Enviada em 18/05/2020

A Revolução Técnico-Científico-Informacional promove a introdução de novas formas de relações sociais cotidianamente. No viés do trabalho, não é diferente: a internet, produto desse período, coloca-se diante do mercado ao possibilitar diferentes horizontes profissionais. Portanto, faz-se necessário analisar os aspectos que direcionam o futuro a esse caminho e propor soluções condizentes com a realidade brasileira.
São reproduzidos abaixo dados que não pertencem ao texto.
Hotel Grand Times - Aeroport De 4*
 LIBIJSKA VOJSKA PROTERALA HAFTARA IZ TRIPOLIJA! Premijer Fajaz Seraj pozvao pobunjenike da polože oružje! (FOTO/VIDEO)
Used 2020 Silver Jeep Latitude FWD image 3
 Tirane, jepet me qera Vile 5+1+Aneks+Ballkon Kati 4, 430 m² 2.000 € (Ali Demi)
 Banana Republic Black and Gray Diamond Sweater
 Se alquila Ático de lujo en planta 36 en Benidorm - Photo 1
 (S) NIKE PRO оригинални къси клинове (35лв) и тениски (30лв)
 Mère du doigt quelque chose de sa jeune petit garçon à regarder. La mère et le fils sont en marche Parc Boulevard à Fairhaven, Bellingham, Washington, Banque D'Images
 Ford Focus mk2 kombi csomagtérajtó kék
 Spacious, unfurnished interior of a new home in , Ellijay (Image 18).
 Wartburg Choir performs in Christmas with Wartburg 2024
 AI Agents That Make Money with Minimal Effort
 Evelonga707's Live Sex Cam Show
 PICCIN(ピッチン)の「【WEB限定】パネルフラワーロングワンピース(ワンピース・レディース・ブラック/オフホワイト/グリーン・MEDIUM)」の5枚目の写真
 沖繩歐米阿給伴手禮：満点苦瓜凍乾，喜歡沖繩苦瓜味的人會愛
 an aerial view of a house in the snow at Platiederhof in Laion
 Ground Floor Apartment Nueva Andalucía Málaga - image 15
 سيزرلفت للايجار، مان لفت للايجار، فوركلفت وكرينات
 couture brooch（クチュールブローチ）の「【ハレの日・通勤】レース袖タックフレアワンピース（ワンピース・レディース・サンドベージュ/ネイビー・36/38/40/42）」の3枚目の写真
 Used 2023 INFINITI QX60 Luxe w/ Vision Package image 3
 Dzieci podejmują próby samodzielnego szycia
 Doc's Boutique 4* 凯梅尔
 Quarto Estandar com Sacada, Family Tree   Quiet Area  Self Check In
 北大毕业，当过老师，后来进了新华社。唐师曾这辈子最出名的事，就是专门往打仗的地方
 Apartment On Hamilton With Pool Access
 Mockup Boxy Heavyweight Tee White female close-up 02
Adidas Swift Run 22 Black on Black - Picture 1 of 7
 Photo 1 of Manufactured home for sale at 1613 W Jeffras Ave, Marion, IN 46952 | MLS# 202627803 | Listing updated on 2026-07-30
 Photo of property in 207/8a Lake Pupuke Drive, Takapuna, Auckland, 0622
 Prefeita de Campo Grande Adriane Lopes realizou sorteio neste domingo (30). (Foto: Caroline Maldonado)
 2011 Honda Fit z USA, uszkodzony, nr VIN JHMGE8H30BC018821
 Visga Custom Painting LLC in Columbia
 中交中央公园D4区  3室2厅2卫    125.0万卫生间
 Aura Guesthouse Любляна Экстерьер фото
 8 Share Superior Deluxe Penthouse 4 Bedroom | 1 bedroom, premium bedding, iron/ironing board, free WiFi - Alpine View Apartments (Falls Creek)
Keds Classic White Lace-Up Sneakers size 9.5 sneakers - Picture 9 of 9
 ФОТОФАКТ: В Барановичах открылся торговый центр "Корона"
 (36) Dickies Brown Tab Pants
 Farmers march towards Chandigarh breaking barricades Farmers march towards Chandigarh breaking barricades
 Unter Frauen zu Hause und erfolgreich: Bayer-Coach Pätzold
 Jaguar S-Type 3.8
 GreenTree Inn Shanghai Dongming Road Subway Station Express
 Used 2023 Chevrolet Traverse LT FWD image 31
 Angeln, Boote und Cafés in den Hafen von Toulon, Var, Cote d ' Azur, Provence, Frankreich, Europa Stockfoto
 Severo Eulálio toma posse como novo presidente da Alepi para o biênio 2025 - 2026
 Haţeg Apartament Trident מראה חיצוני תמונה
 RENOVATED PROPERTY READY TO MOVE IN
Em um primeiro plano, cabe destacar que as mudanças nos meios de produção das sociedades ocorrem dialeticamente. Por isso, de acordo com o economista Karl Marx, os modelos de servidão se reinventam. Em consonância, o teórico David Harvey aponta que, no capitalismo, a demanda por profissionais capacitados é parte da estruturação liberal e, consequentemente, provocada por constantes rupturas. Nesse sentido, o avanço da internet e suas especificidades para a economia deve ser compreendido como um fenômeno cujo papel fundamental é fortalecer as estruturas capitalistas de exploração do trabalhador.

Sob outro prisma, é imperativo considerar que a atual situação econômica do país, representada pela alta taxa de desemprego, provoca a migração de muitos profissionais para a informalidade. À luz disso, o Instituto Brasileiro de Geografia e Estatística (IBGE) aponta que cerca de 40% dos trabalhadores brasileiros são informais. Dentro desse aspecto, o estudo sociológico da uberização observa que, motoristas de aplicativo e entregadores de comida, por exemplo, utilizam as redes para garantir renda. Desta maneira, verifica-se que as novas atividades laborais permeiam a incerteza. Como guia, a Constituição Federal assegura o direito ao trabalho enquanto cidadania. Neste caso, infere-se que é papel dos governantes mediar o impasse.

Torna-se evidente, então, que medidas são necessárias para superar os desafios propostos pelas profissões do futuro. Cabe ao Poder Legislativo regularizar os labores que emergem do meio digital, por meio da inclusão de uma cláusula constitucional, que vise garantir os direitos previstos a essas pessoas, como a definição de carga horária. Espera-se que, com tal iniciativa, o Brasil ganhe destaque no meio Científico-Técnico-Informacional como protetor de seus trabalhadores.